** SUPPLIED DATA follows **
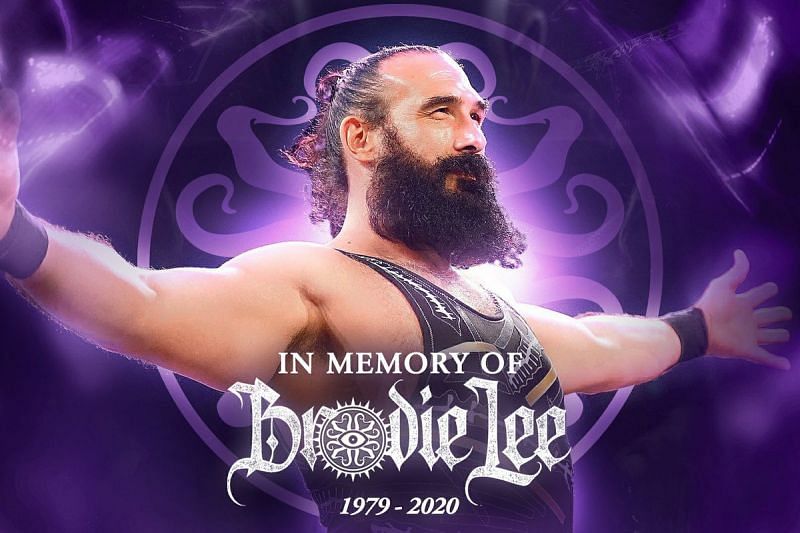 Brodie Lee&#039;s tribute shirt became the highest-selling shirt in under four hours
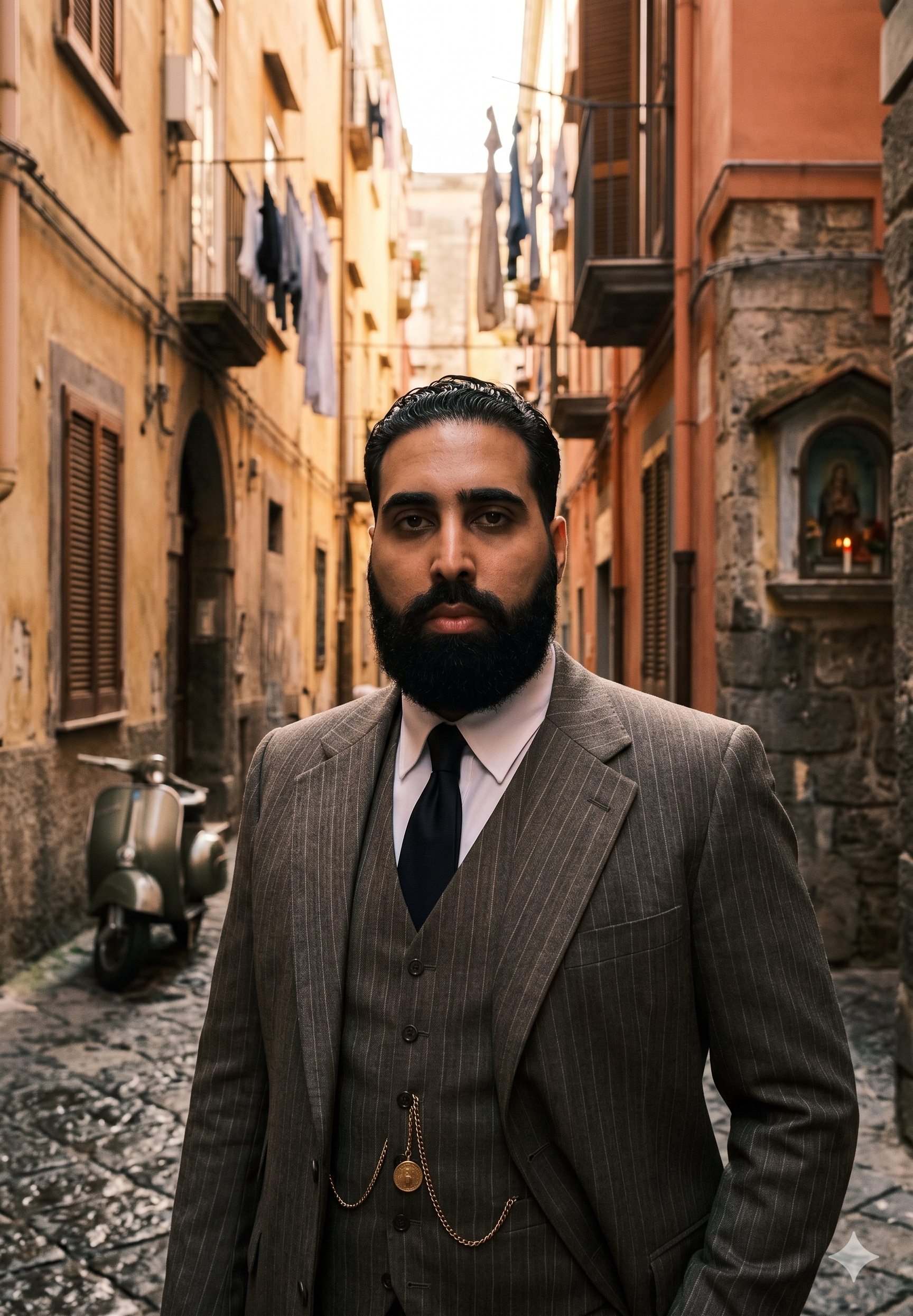 Retrato do corretor Dom Corretor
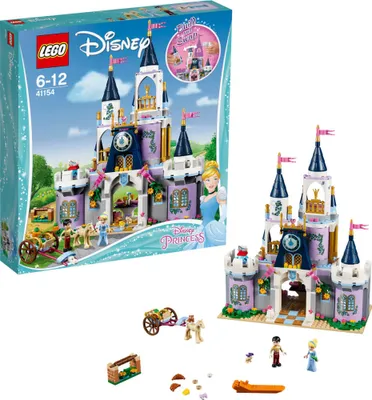 Produktbild von LEGO® Disney Cinderellas Traumschloss 41154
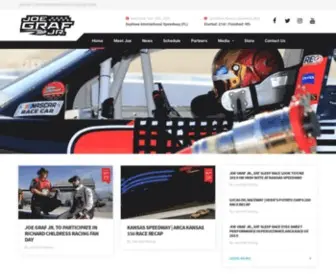 Joegrafracing.com(NASCAR Xfinity Series Driver) Screenshot
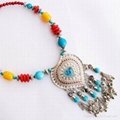 tibetan silver necklace 4
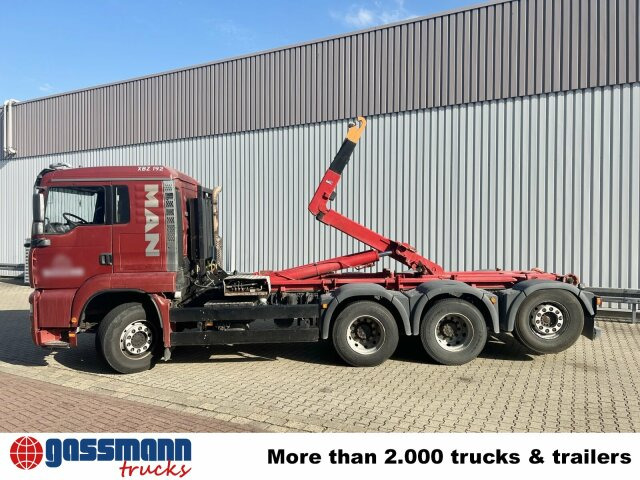 Camión multibasculante MAN TGA 25.530 8x4-4 BL, Lift-/Lenkachse: foto 12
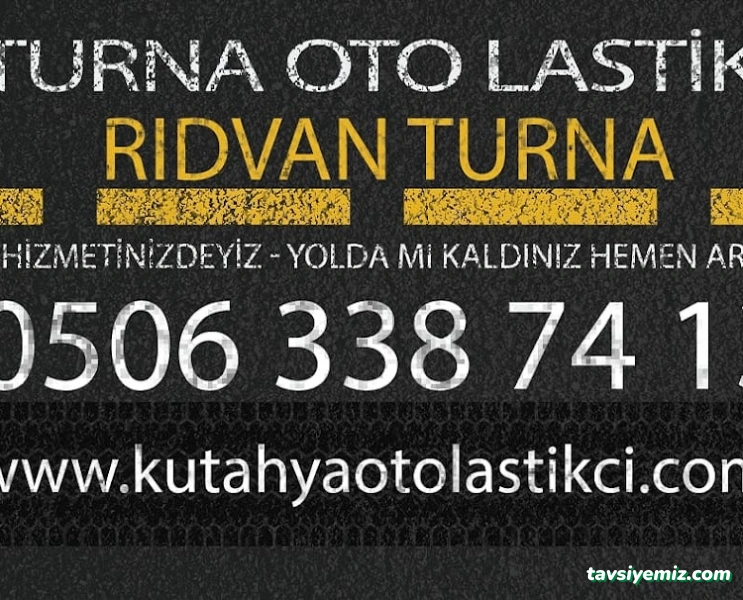 Kütahya Turna Oto Lastik Yolyardım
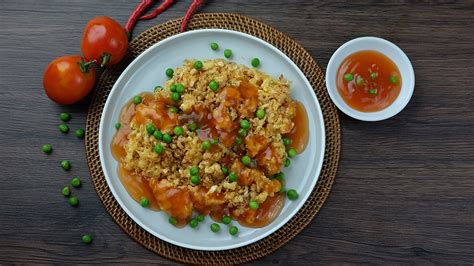 Chicken Fu Yung Hai | Unilever Food Solutions ID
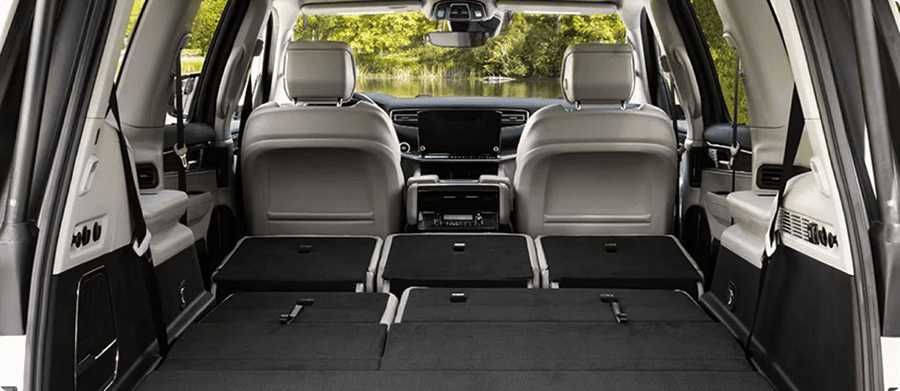 Power-Folding Third-Row Bench Seat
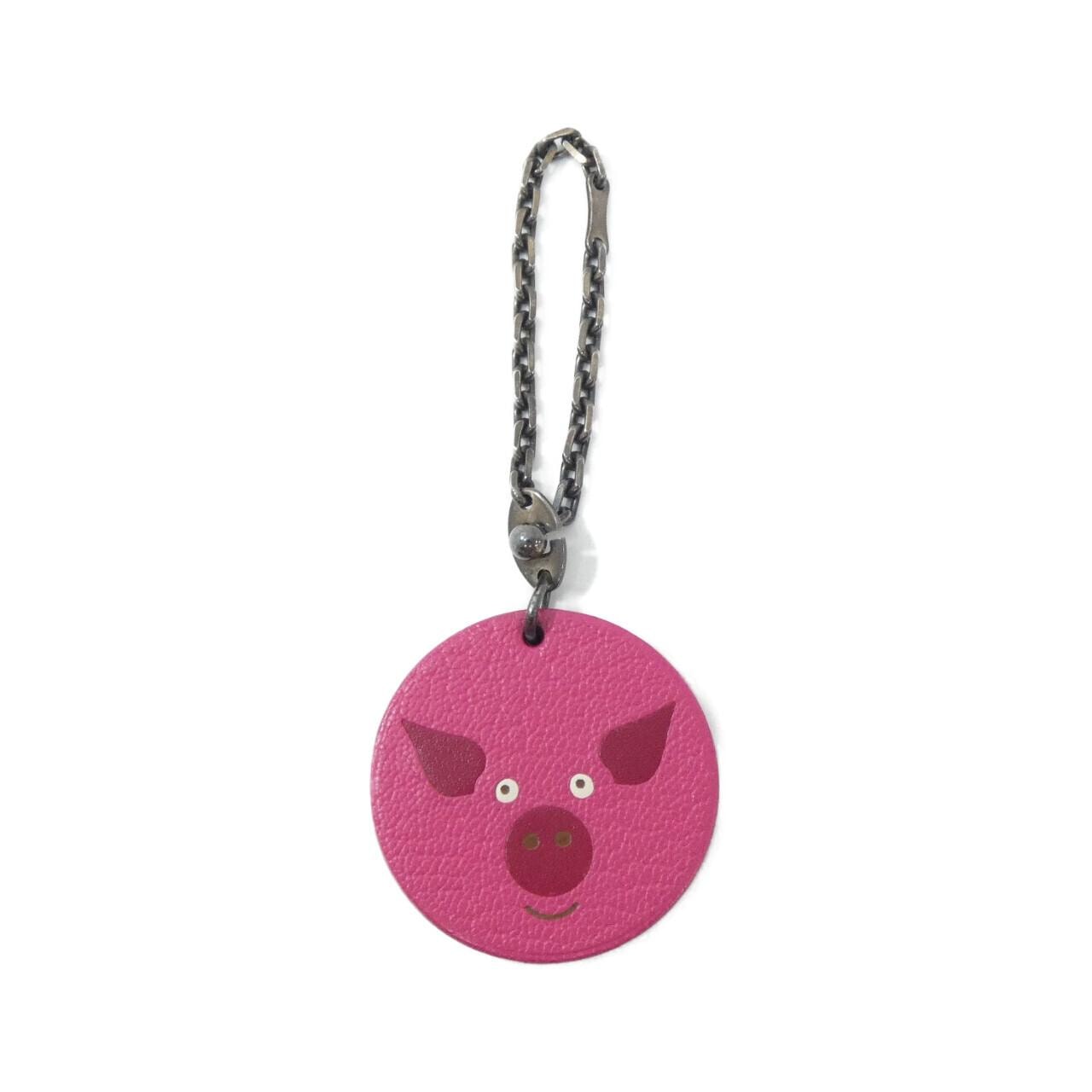 에르메스 PIG 키 체인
** End of SUPPLIED DATA **
*ACTION ITEM*
Beginning with the line that contains "Kütahya Turna Oto Lastik Yolyardım", repeat every remaining line of the data exactly, the last line included, and omit pictures.

*REPLY*
 Kütahya Turna Oto Lastik Yolyardım
 Chicken Fu Yung Hai | Unilever Food Solutions ID
 Power-Folding Third-Row Bench Seat
 에르메스 PIG 키 체인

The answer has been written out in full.